▸ **Data records**:

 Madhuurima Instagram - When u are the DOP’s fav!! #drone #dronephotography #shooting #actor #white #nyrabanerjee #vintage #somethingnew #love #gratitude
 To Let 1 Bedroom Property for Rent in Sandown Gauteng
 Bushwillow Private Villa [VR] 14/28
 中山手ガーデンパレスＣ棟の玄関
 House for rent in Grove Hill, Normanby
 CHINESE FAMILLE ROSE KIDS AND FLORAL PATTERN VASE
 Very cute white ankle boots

* * *

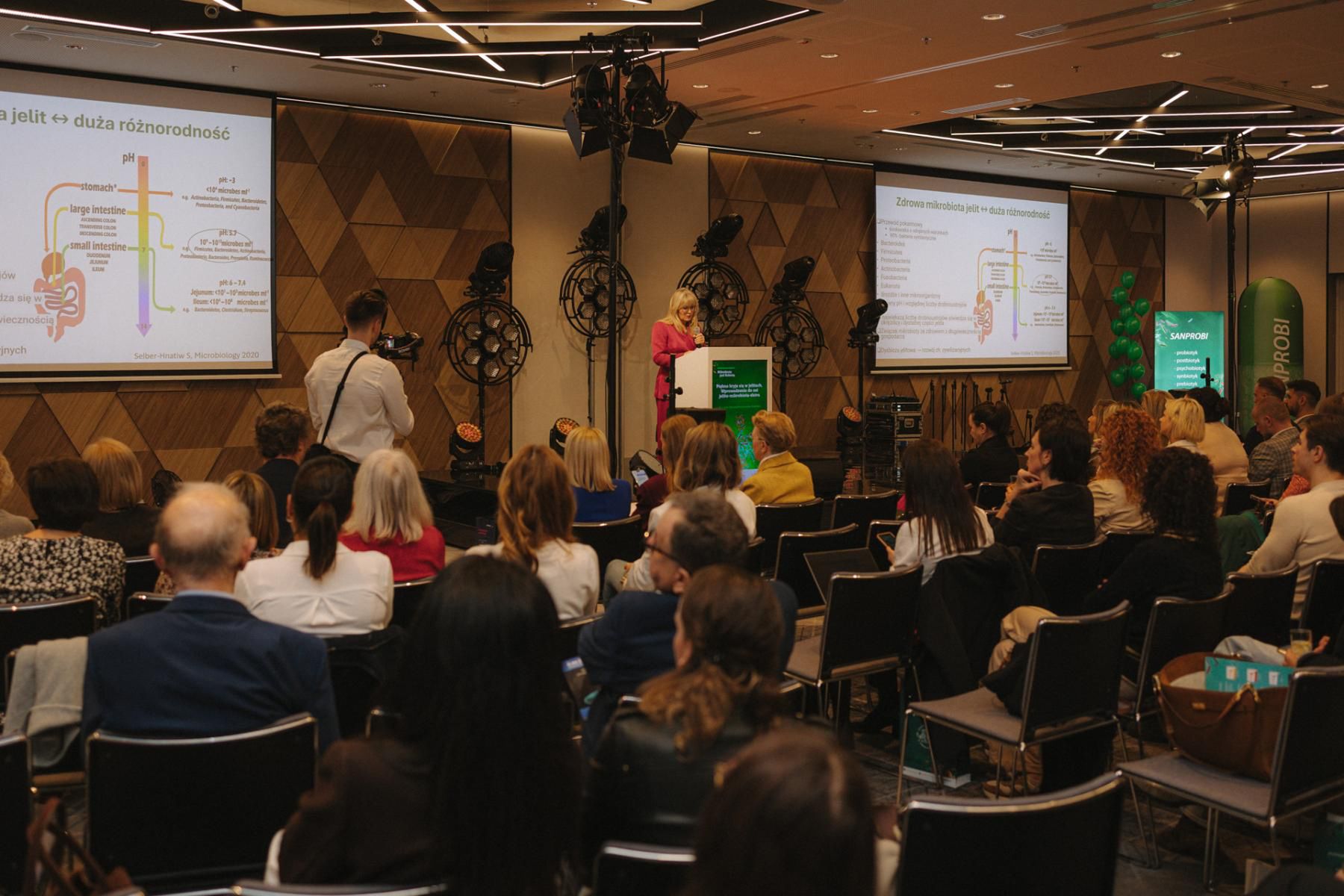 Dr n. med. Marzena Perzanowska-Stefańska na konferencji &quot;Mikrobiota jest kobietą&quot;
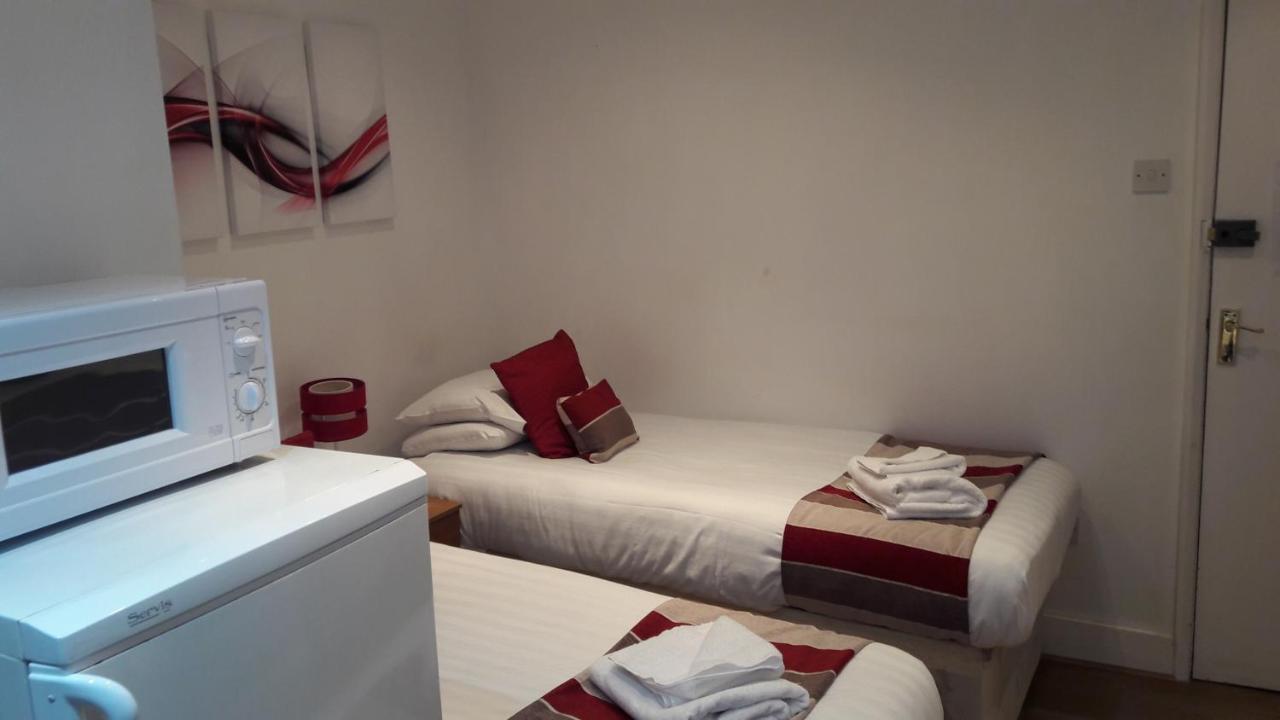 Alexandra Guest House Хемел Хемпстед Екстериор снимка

* * *

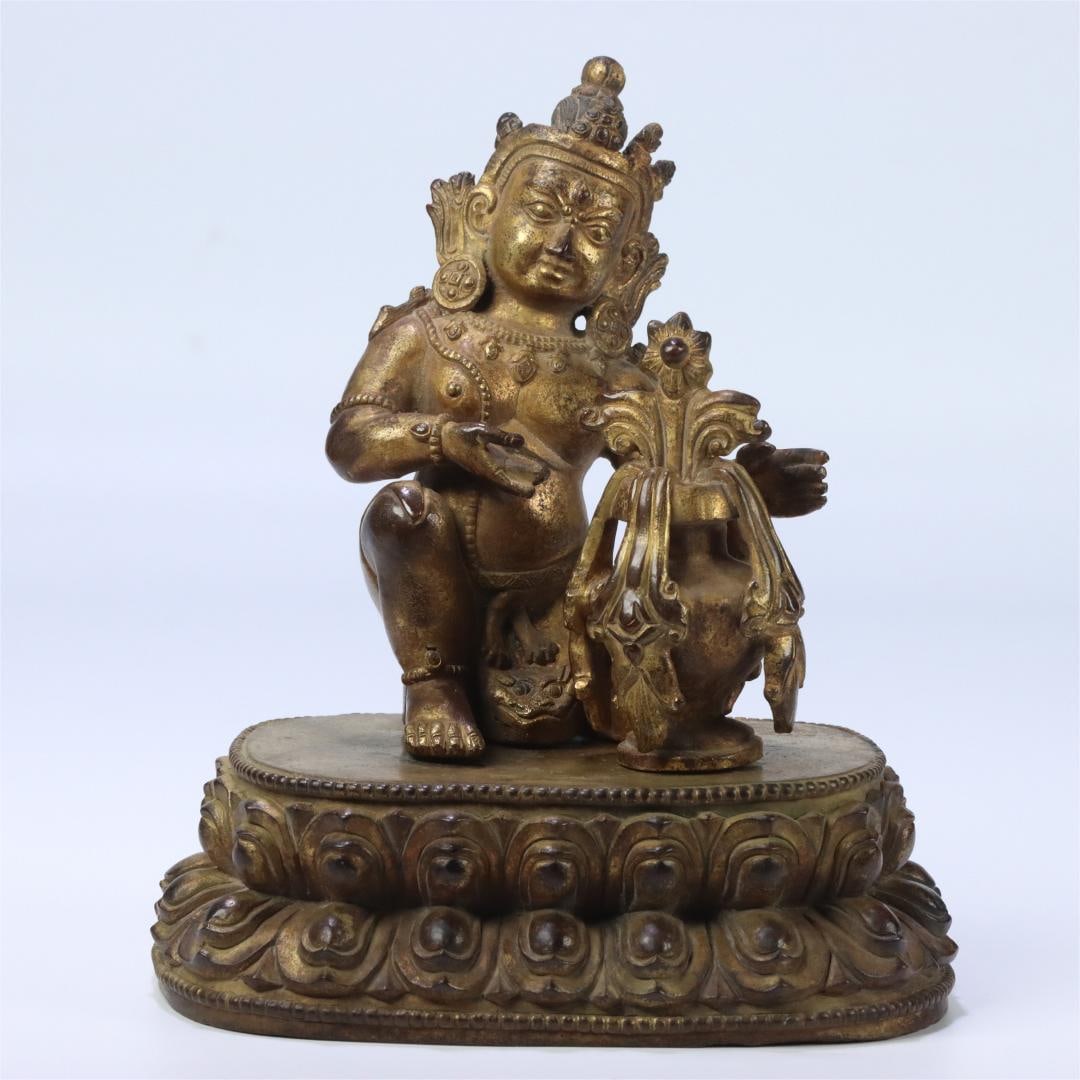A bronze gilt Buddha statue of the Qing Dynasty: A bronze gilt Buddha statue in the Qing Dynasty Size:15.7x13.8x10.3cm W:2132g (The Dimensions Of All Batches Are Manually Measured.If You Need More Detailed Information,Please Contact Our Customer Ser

▸ **What is being asked**: From the records above, copy each line that contains the word "white".

▸ **Answer for this exercise**:
 Madhuurima Instagram - When u are the DOP’s fav!! #drone #dronephotography #shooting #actor #white #nyrabanerjee #vintage #somethingnew #love #gratitude
 Very cute white ankle boots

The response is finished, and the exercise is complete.